Sense-making, or the act of bestowing subjective and actionable meaning upon the world around us, is a very human endeavor. Perhaps intelligent species like mice and dolphins do this as well (I reject the human-centric view in general), but it correlates with the degree of agency that you feel with respect to the actions that you take. It’s like you’re driving your car on a road trip with your itinerary mapped out, and suddenly realize you’ve forgotten where you’re heading. Or some volcano erupts and you’re forced to drive down an evacuation route.

The meaning we bestow on the world is influenced by the vision we create for ourselves. One person looks at a computer and sees it as a tool to pay his bills. When I look at a computer I see it as a portal for reaching in and crafting a vast system within the abstract world of software. Somewhere along the way we created a directionality to our lives that influences the way we perceive everything around us. A vision speaks to the final destination (with the caveat that nothing is ever final), and clarity of vision means that we’ve rationalized our heading and know when to course correct. And all that sounds great, except that in reality there’s a dense smoky fog around you, the smoke makes you sputter, you keep tripping and falling along the way, and the oasis you saw in the distance was just a mirage.
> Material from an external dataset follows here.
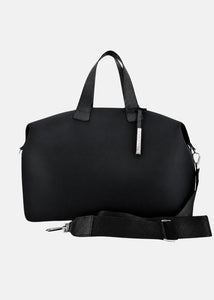 Bauletto large in neoprene con dettagli argento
I recently finished reading Arnold Schwarz­enegger’s audiobook “Be Usefulon Spotify. One point that struck me was it is likely the case that we create the seeds of our visions early in life. And then, we take that seed and nurture it into something with greater definition. This, in turn, suggests that we already kinda sorta know what our vision is, and just have to work on refining it. And it gives me hope, for it suggests that we don’t ever really lose our way, we just need to rediscover and refine it from time to time. This is a process, not a catastrophe. After all, if something is “lost” and later found, was it ever lost in the first place?